In all cases, BAP can be considered cost-effective for the vast majority (88%) of the cohort for the given CET. BAP appears to be a preferable fitting option at least from a prosthetic care perspective as it increases quality of life of individuals with transfemoral amputation without inducing unbearable additional consumption of resources.
Generalisation
Altogether, the generalisation of the study outcomes must be considered carefully giving the limitation and barriers presented in Table 5 in Supplementary material. The potential for scalability of this cost–utility analysis remains to be confirmed, more particularly its capacity to integrate more complex case mixes (e.g. multi-level limb amputations), the increasing number of treatment options, the disparity on criteria for provision of BAP between jurisdictions as BAP becomes more routinely prescribed.51,52
Future studies
Clearly, there will be a need to further extend this study to accommodate future developments in BAP including, but not limited to, growing number of consumers, broadening of case mix, changes to surgical procedures and constant developments of prosthetic components.51,53,54 Effects of these changes in the economic evaluation of BAP over aids for non-prosthetic user (e.g. crutches, wheelchair) and other fitting options for prosthetic users (e.g. mechanical knee, basic and advanced microprocessor-controlled knees) could be achieved through a range of subsequent studies.

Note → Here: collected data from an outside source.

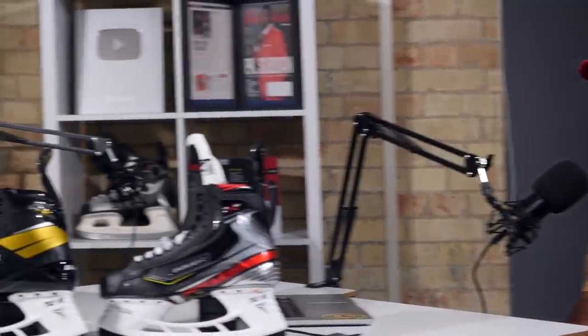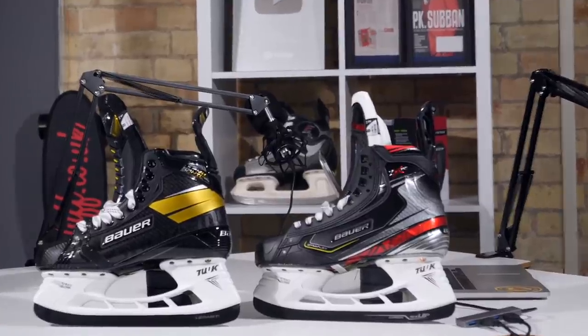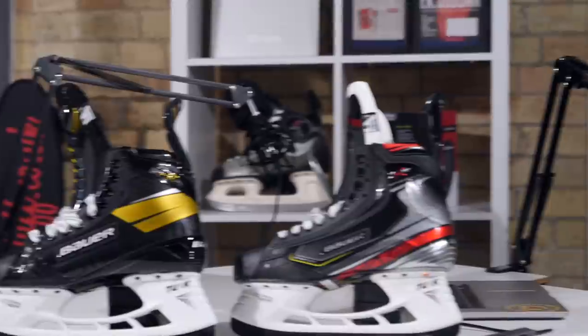Welcome to episode eight of the Beyond the Boards podcast. We've had a bunch of requests on Instagram to talk about what we have in front of us right now - the new iterations of the Bauer skates. We've got the Ultrasonic from the Supreme range and the Bauer 2X Pro. The big announcement here isn't just the new Ultrasonic skates - it's the fact that Bauer has decided to completely adapt the way that you fit skates, and that's the main context of this podcast.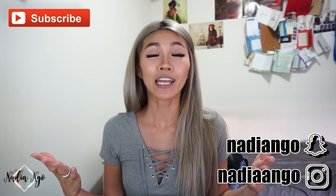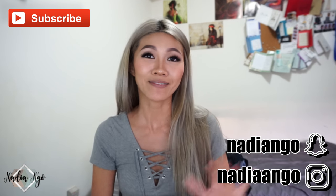It doesn't smudge underneath the waterline, which is great. Depending on how you use it — waterline or as regular lid liner — keep in mind you might need a second product to go over it to intensify the color, because it's not pigmented enough even though it's called Blackest Black. I hope you enjoyed my video — please give it a thumbs up, don't forget to subscribe and follow me on Instagram and Snapchat, and I'll see you in the next one!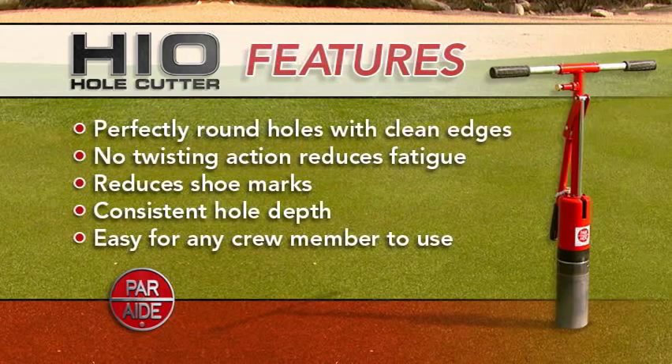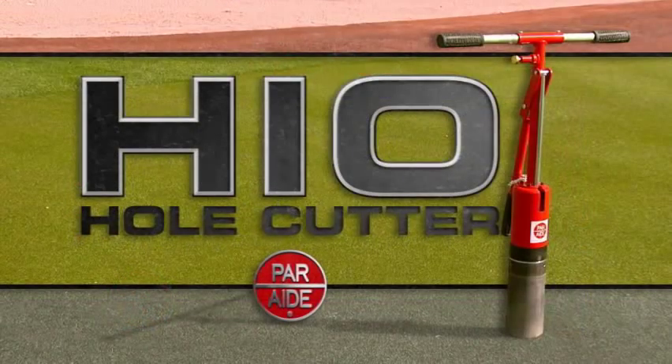The HI-O makes perfectly round holes with clean edges. No twisting action reduces fatigue and shoe marks. The HI-O also makes consistent hole depth and is easy for any crew member to use. The PARADE HI-O hole cutter — the results speak for themselves.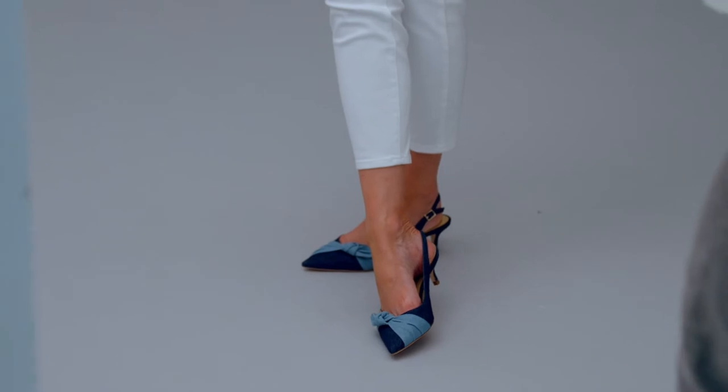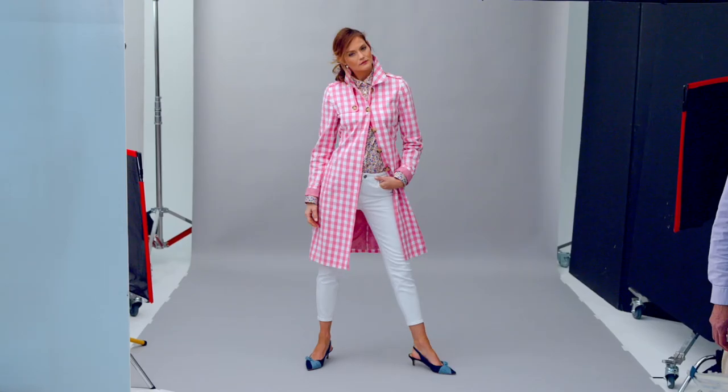Wear it with a slim ankle jean in white to balance the pattern. Add a little bit of texture with a touch of denim. 15 seconds, done.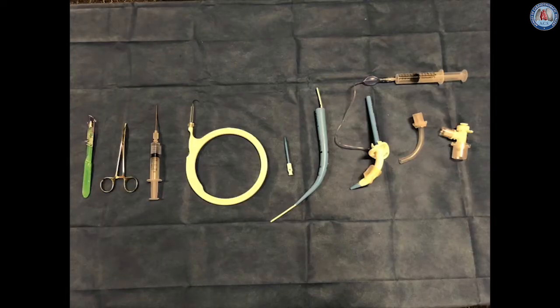The equipment required for percutaneous dilational tracheostomy is packaged in a standard Siaglia Blue Rhino kit manufactured by Cook Medical. Necessary equipment for safe and efficient technique are shown here and include, from left to right: a disposable 15 blade scalpel, a mosquito clamp, and a 15 gauge introducer needle on syringe partially filled with saline.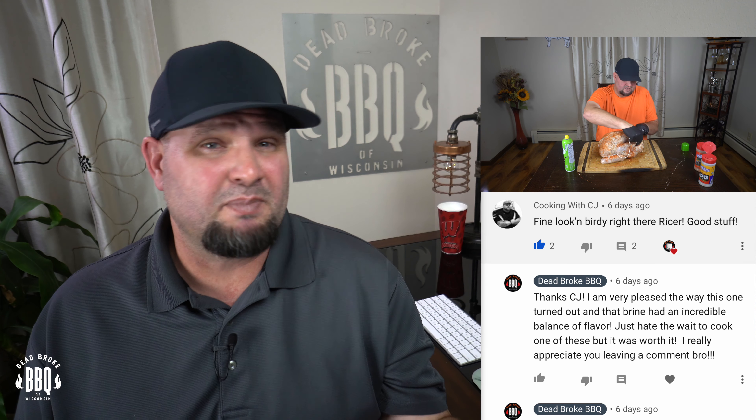Now it's time to read some comments from last week's video. Cooking with CJ says, 'Fine-looking birdie right there, Reiser. Good stuff.' Well, thanks CJ — I really appreciate it. I enjoy cooking turkeys, I just don't do it a lot because it puts me to sleep. Cooking with CJ is a great channel — he does a lot of the same things that all of us do. Go check him out if you haven't already. On Thursday nights, CJ and Kent run a barbecue live stream — you get to learn things, laugh, and meet other YouTubers. I think I'm going to be on there sometime in February, so hurry up and subscribe so you don't miss me.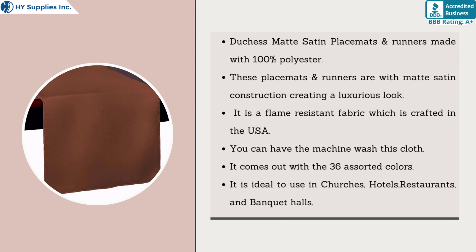These placemats and runners feature matte satin construction, creating a luxurious look. The fabric is flame-resistant and crafted in the USA. They are machine washable.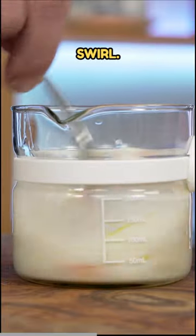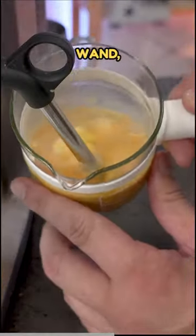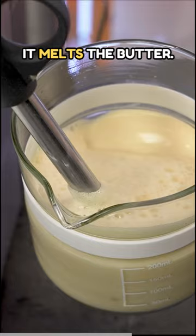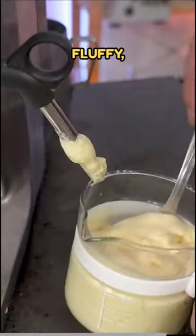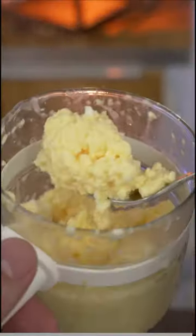Give that a little swirl, and then with your steam wand it will cook the eggs as it melts the butter, and it will create these beautiful, fluffy, delicious scrambled eggs just like this.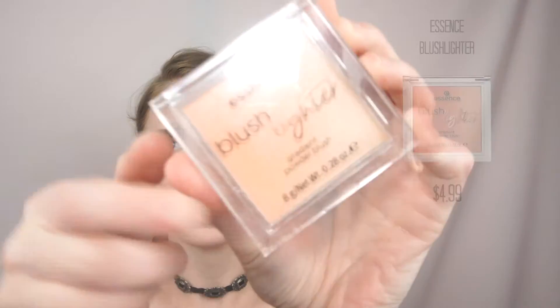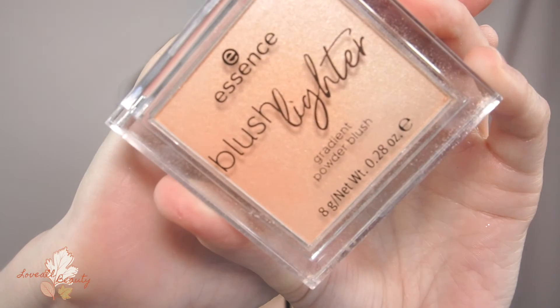I didn't grab any bronzer from Essence so I'm going in with my regular Physicians Formula bronzer just to warm up the face a little bit. For blush I have the Blush Lighter — it's a gradient powder blush with a peachy shade that transitions into a highlighter, so it's a two-in-one type product.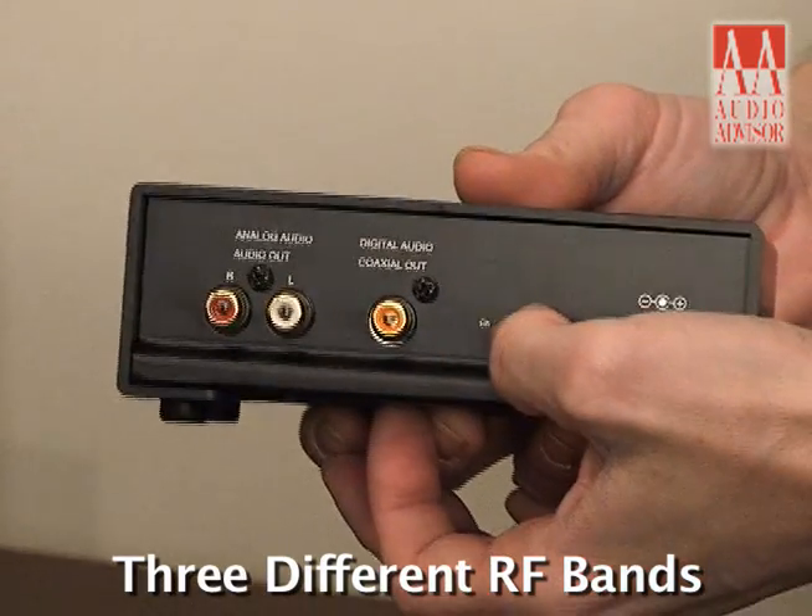This is a very simple system to hook up. You have three different RF bands to select from, so if you do get interference from any other device in your home — whether it's your portable phone, microwave, or something like that — you can get out of that band range and move into another one where you get perfect audio.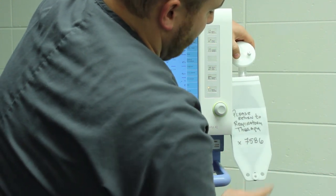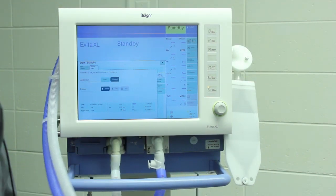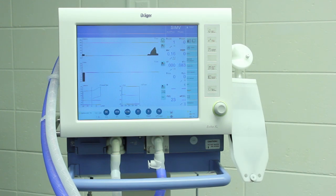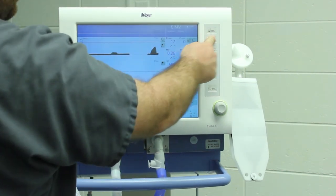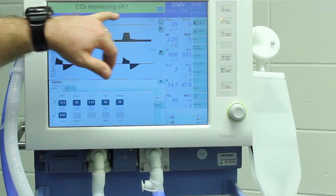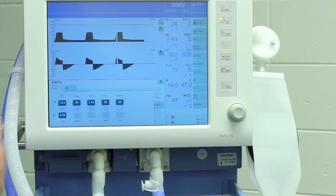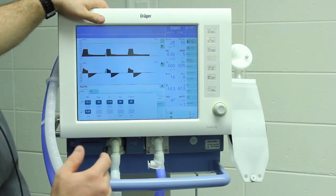Of course, our extension is 238-7586 — they can get a hold of me and Jimmy McCana anytime. Other than that, it's pretty easy to start up. This thing always starts up in SIMV. If you want me to come and change it sometime — say you're tired of seeing it start in SIMV and want to change it to CMMV — I can do that. There's also a normal yellow alarm that always comes up on startup saying your CO2 monitoring is not in line — that's normal and goes away in no time flat.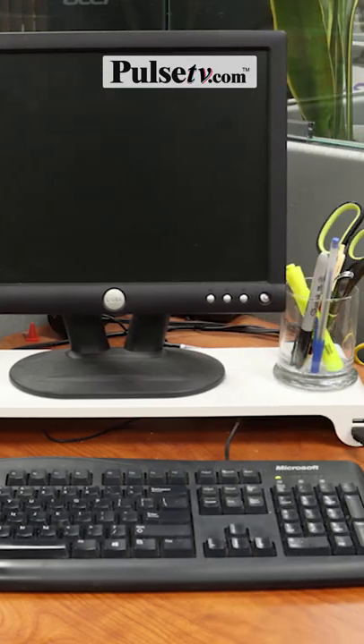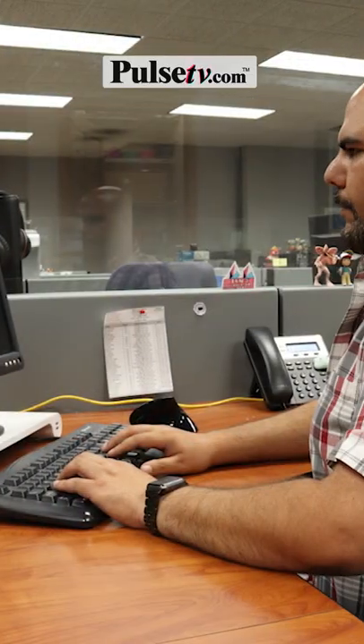This is the Quirky Spacebar monitor stand. It will raise your monitor by a whole two inches — the perfect height to endorse good posture.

Additional health care system perspective studies could focus on larger cohorts over an extended period of time relying on systematic extraction of all individual costs for intervention (e.g. surgery, rehabilitation), health (e.g. General Practitioners, paramedical staff, specialist consultation, hospital re-admission) and prosthetics (e.g. fixed, on-going) care as well as assessment of utility (e.g. ED-5Q, SF-6D). Such studies should also feature stratified analyses according to functional levels, variations in case-mix, reimbursement standard depending on health care systems as well as stronger sensibility analysis.51,55–57
More comprehensive societal perspective studies could focus not only on intervention, health and prosthetic care costs but also on personal and family cost (e.g. housekeeping assistance, transportation, house adaption) as well as productivity (e.g. return to work, reduction of sick leave). 58
Often neglected but equally valuable, specific patient perspective studies could look at all out-of-pocket costs associated with BAP (e.g. travelling cost overseas, prosthetic components, medication) particularly for those opting for private care who allegedly pay over $100,000 for the treatment.
Conclusion
This first economic evaluation seems to indicate that this new attachment relying on osseointegrated fixation is cost-effective and more likely to lead to adoption as acceptable alternative to conventional intervention at least from a prosthetic care perspective.
This work was an initial effort towards design of evidence-based governmental financial assistance programmes for an equitable provision of BAP. Altogether, the experience reported here is a stepping-stone providing a working approach for development of economic evaluations to stakeholders responsible for policies around care of individuals fitted with BAP worldwide.
Footnotes
Author contribution
All authors contributed equally in the preparation of this manuscript.
Declaration of conflicting interests
The author(s) declared no potential conflicts of interest with respect to the research, authorship and/or publication of this article.
Funding
The author(s) received no financial support for the research, authorship and/or publication of this article.